/---

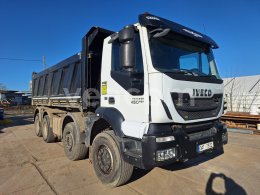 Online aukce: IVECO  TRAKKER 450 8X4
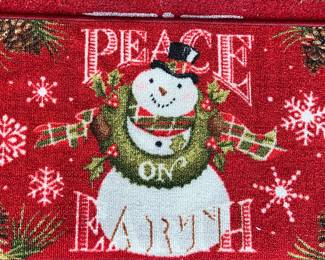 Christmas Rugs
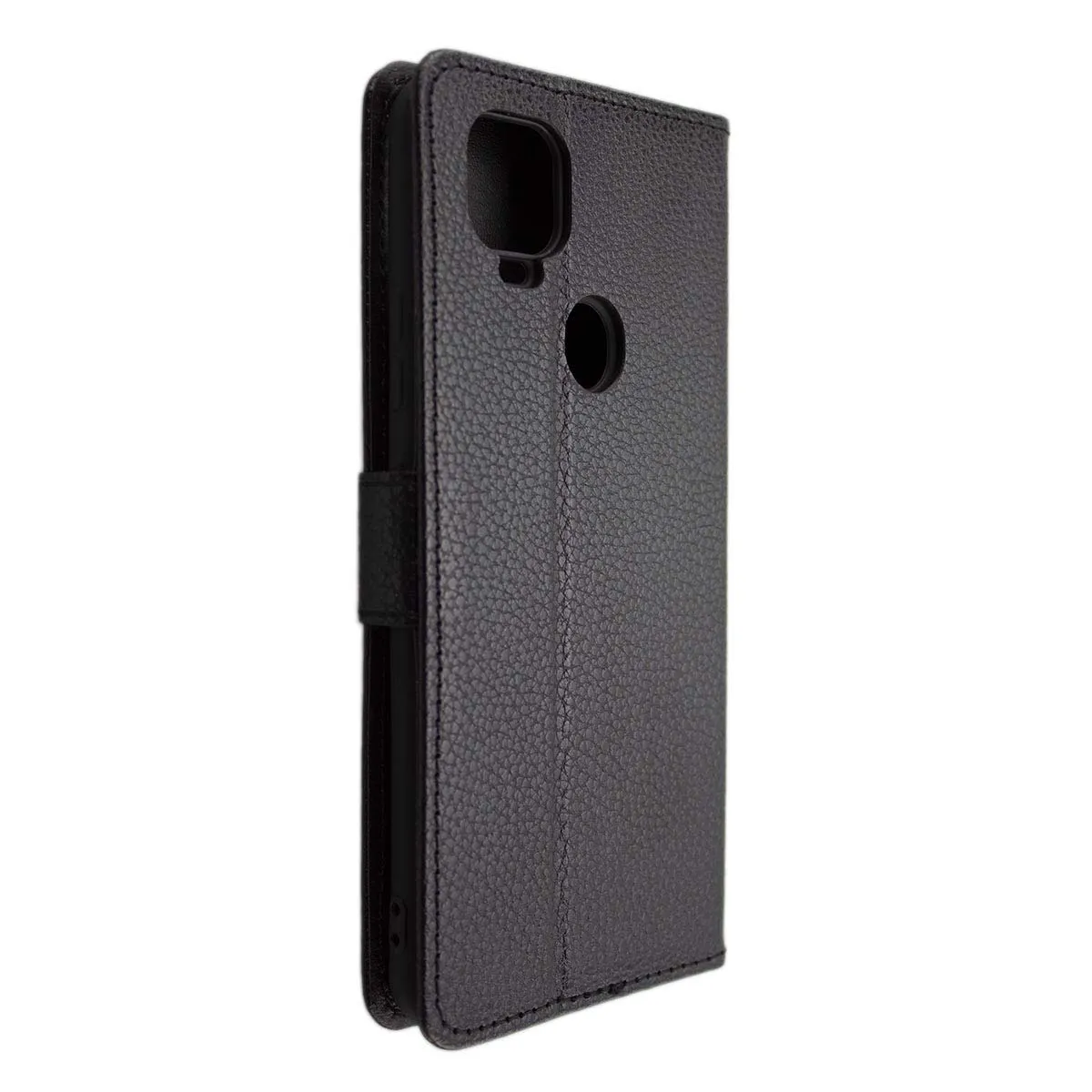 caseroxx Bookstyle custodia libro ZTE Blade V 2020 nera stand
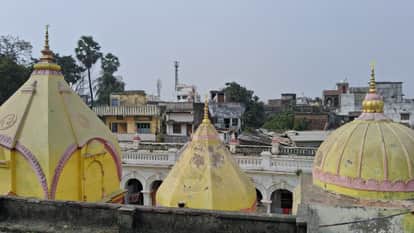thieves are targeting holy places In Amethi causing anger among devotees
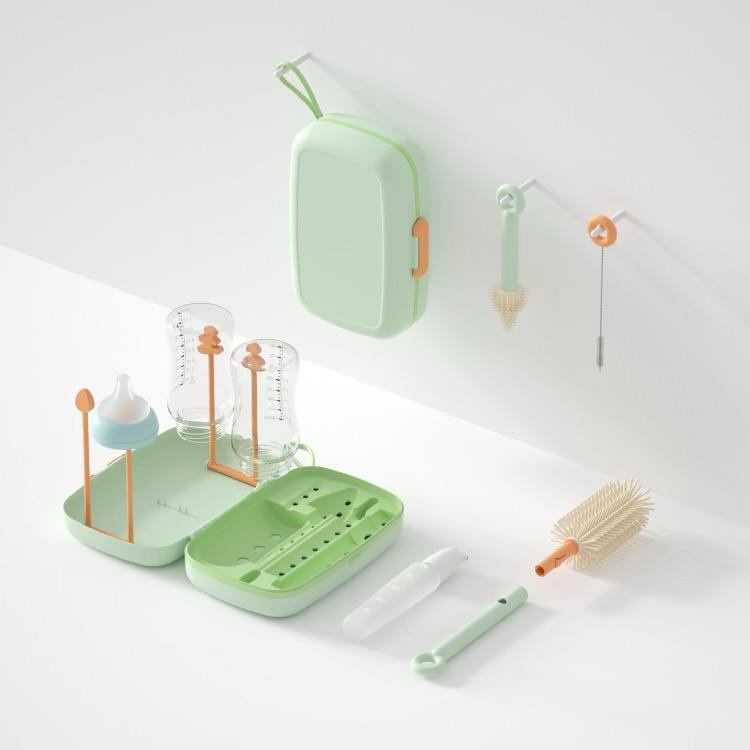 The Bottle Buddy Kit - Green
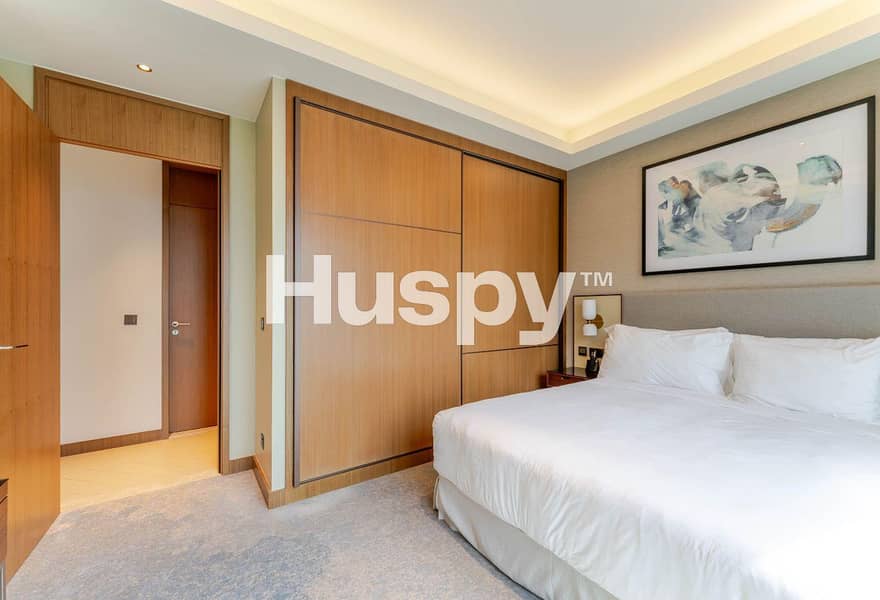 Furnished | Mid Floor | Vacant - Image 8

\---

[YOUR TASK]: Write out the whole listing exactly. Pictures stay out.

[ANSWER SPACE]:
 Online aukce: IVECO  TRAKKER 450 8X4
 Christmas Rugs
 caseroxx Bookstyle custodia libro ZTE Blade V 2020 nera stand
thieves are targeting holy places In Amethi causing anger among devotees
 The Bottle Buddy Kit - Green
 Furnished | Mid Floor | Vacant - Image 8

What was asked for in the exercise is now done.